# Freud 2200E -- How do I set it up for a measured depth plunge cut?



## Ladd (Nov 11, 2007)

I mark my debut here with a question that I hope is easy to answer, with specific tips the Freud 2200E if I'm lucky but general wisdom accepted.

Despite reading the very brief instruction manual and spending 45 minutes attempting to figure out on my own how to set up the router to make a measured plunge cut, the light bulb fails to come on.

New Freud 2200E plunge router. Spiral upcut bit mounted, to be used on "build your own speakers" project, to cut recesses for speaker edges and the holes for the speakers themselves.

The recess for the edge of a speaker is to be 3/16" deep. I have lowered the router until the tip of the bit just touches the MDF and locked the height. I assume that this is what is described as the "zero point" or "zero height". 

While this seems like the correct thing to do, I hesitate to sound confident with this assessment because none of the height adjustments available to me make sense past this point.

The router has a long, sliding/turning screw that has a marker on top that overlays a measurement scale. The bottom of this long screw can hit one of three, adjustable-height stop screws mounted on a pivot on the baseplate. 

I'm guessing I have to adjust one of the stop screws at the bottom so that plunging the router into the MDF causes the long sliding/turning measurement screw to hit the particular stop screw so as to give me an exact 3/16" depth cut.

Danged if I can figure out an accurate way to set this up though.

I'm tempted to say that I'm over-thinking this missing something easy, because as probably the most basic operation of a plunge router, setting a measured plunge depth couldn't possible be this difficult.

Any advice offered, general or specific, would be most appreciated.


----------



## Roefa (Sep 14, 2007)

Hmmm... maybe I oversimplify, or perhaps I'm just lazy, but I have ...errrr.... "been known to" set depth of cuts by trial and error on scrap wood.

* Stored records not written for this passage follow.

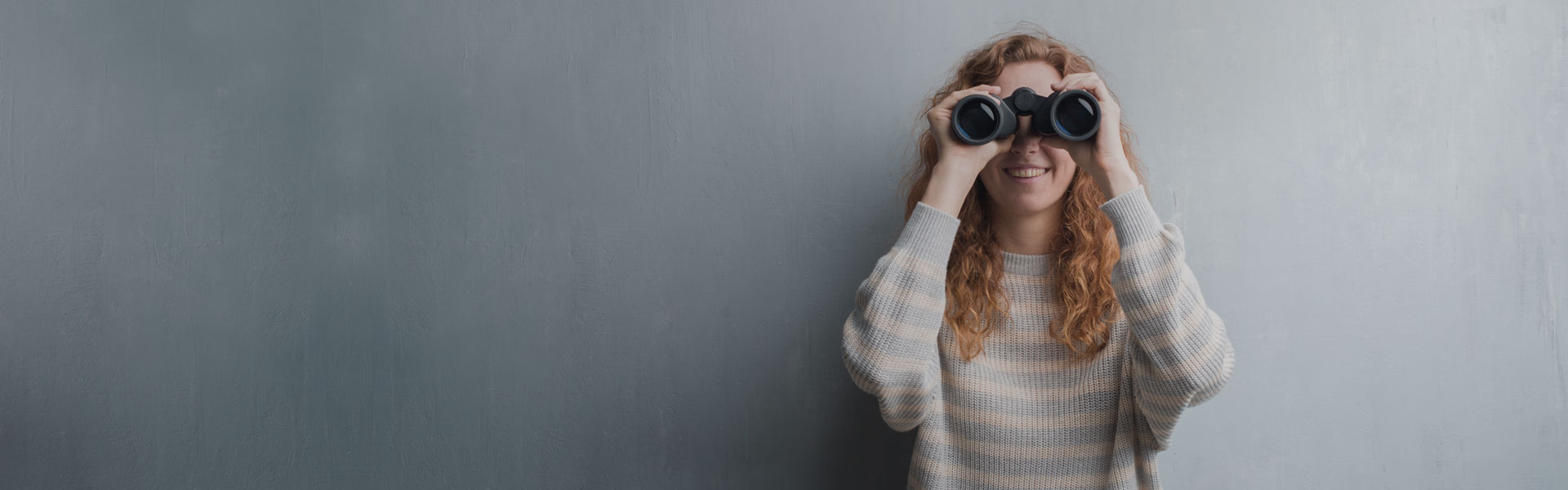 Junge Frau sieht durch ein Fernglas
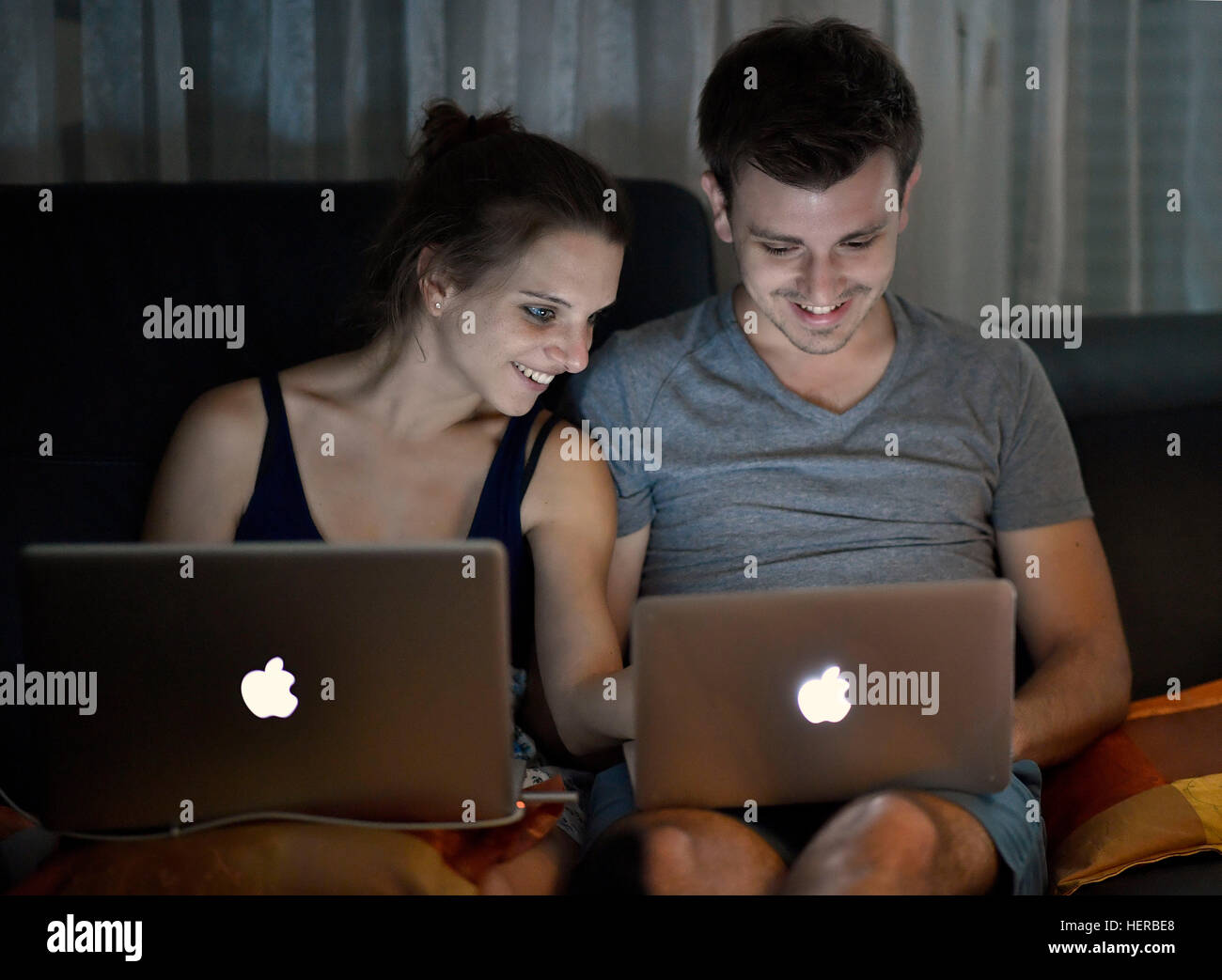 Junges Paar sitzt auf Sofa mit Laptop auf SchoÃŸ Stock Photo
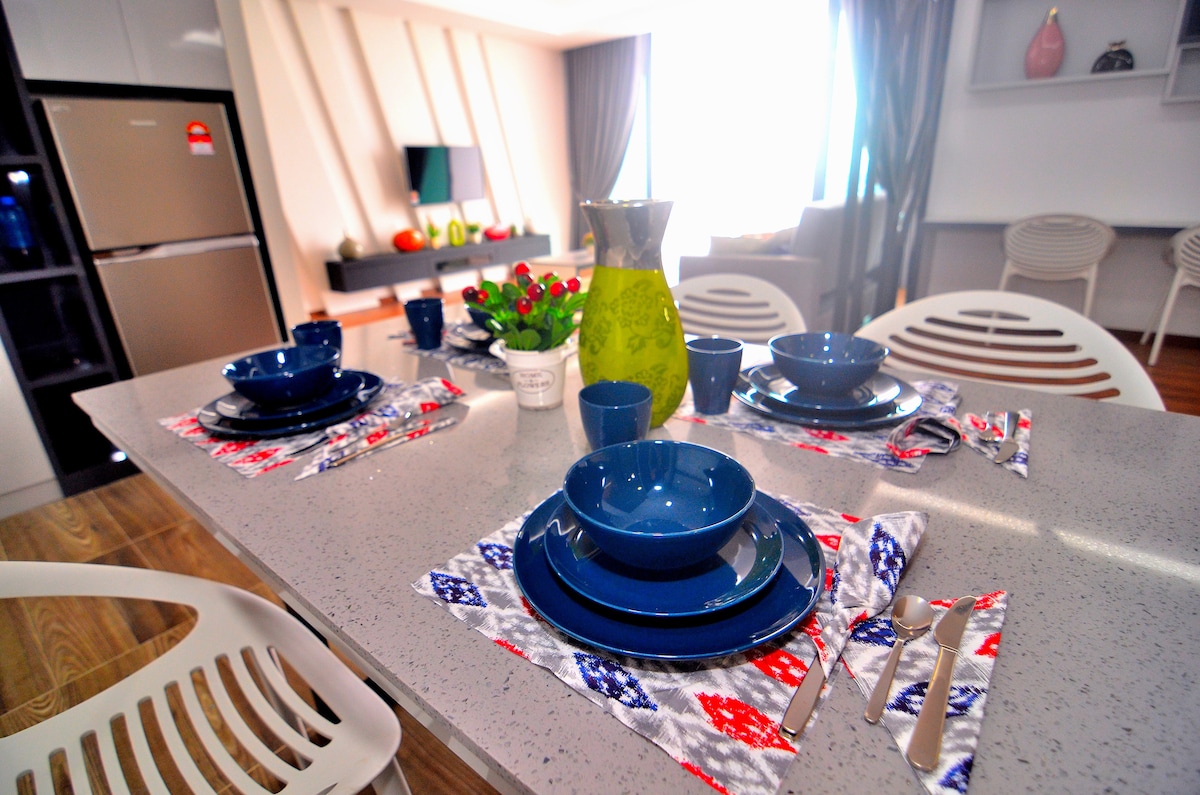 A well-set dining table features an arrangement of deep blue ceramic plates and cups atop patterned placemats. A vibrant green pitcher and a potted plant add color, while a sleek refrigerator and modern living area can be seen in the background.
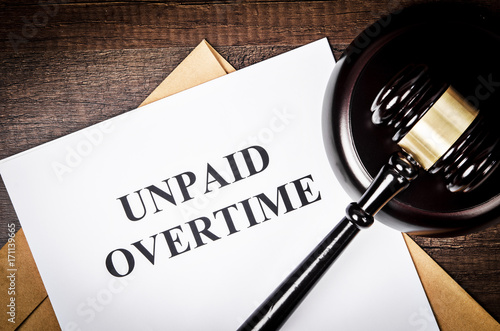 Unpaid Overtime title On Legal Documents. photo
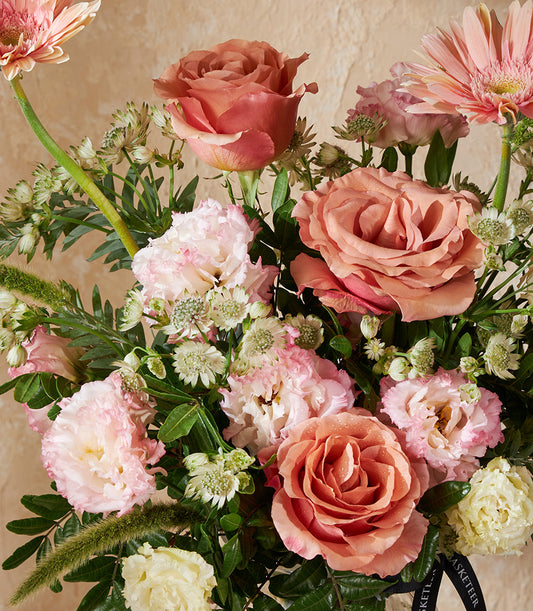 Dusty rose and peach Moab roses with pink Lisianthus and white filler flowers in a fresh vase arrangement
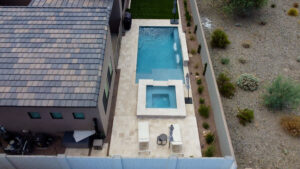 Bird's-eye view of narrow side-yard pool with square spa, travertine patio and desert landscaping in Phoenix Arizona built by Caribbean Pools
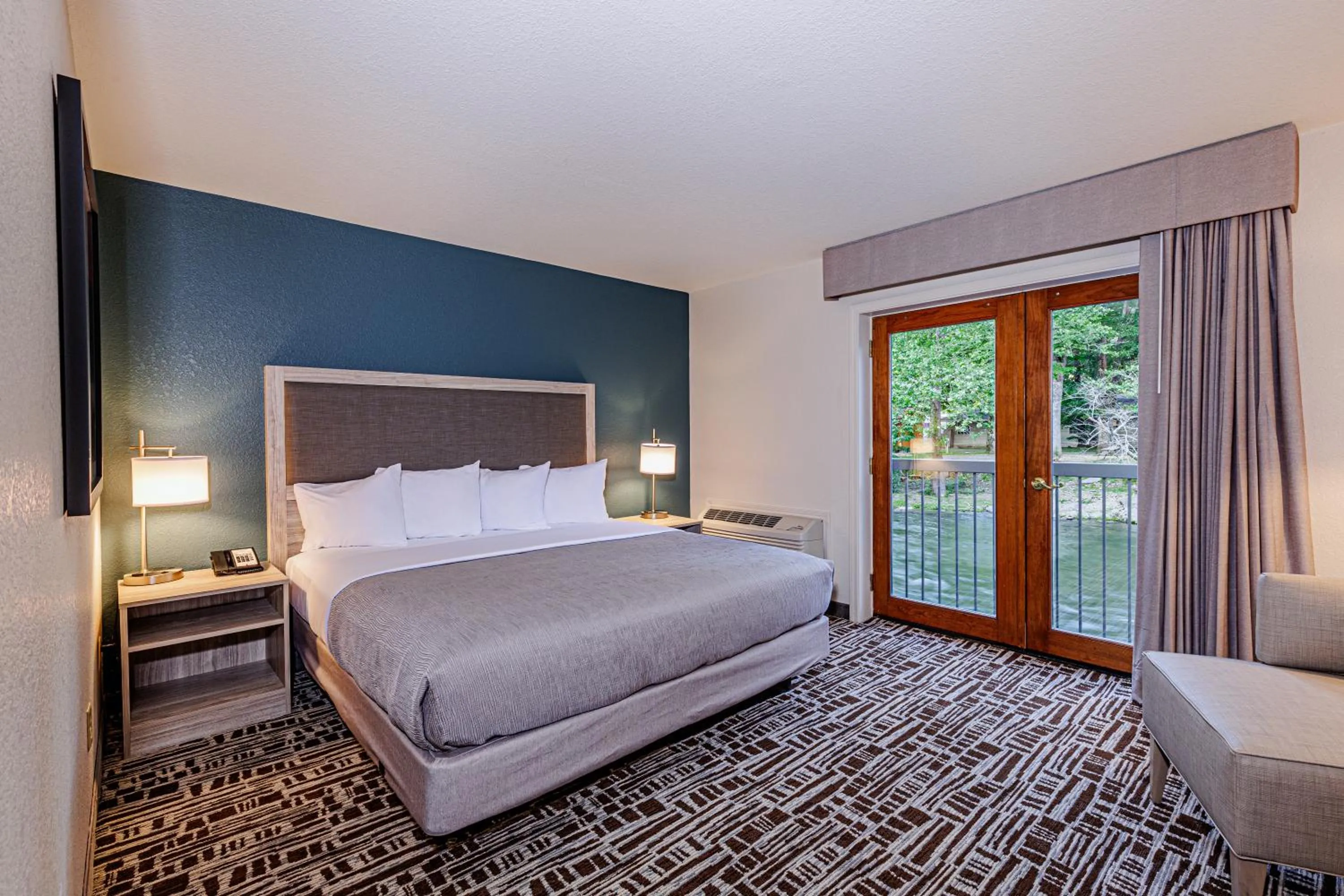 Bed in Rivers Edge Motel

The "pros" will blow me out of the water for suggesting this, but I ain't proud. If it works...
Oh... and welcome to the Forum... great buncha' folks here. 

Roger
(roefa)


----------



## LeeC (Apr 19, 2006)

Get a set of Brass measuring bars. You can get them from Oak Park, or Rockler or Woodcraft. They save a lot of measuring. Plunge your router till you touch the surface of the material. Stick the 3/16 bar on top of the screw in the base. Loosen the knob locking the plunge rod in place. Let it drop till it touches the brass bar, then tighten the locking knob. You are then in business remove the brass rod and try it.


----------



## harrysin (Jan 15, 2007)

Ladd, you have the right idea and the way that I teach accurate depth setting is to use twist drills which we all have, probably going up in 1/64th increments. There have been several earlier posts on speaker mounting and the son of our esteemed member Bob Jurgens ( Bobj3 ) does it for a living so I'm sure when Bj wakes up he will head you in the right direction.


----------



## Ladd (Nov 11, 2007)

Roefa said:


> I have ...errrr.... "been known to" set depth of cuts by trial and error on scrap wood.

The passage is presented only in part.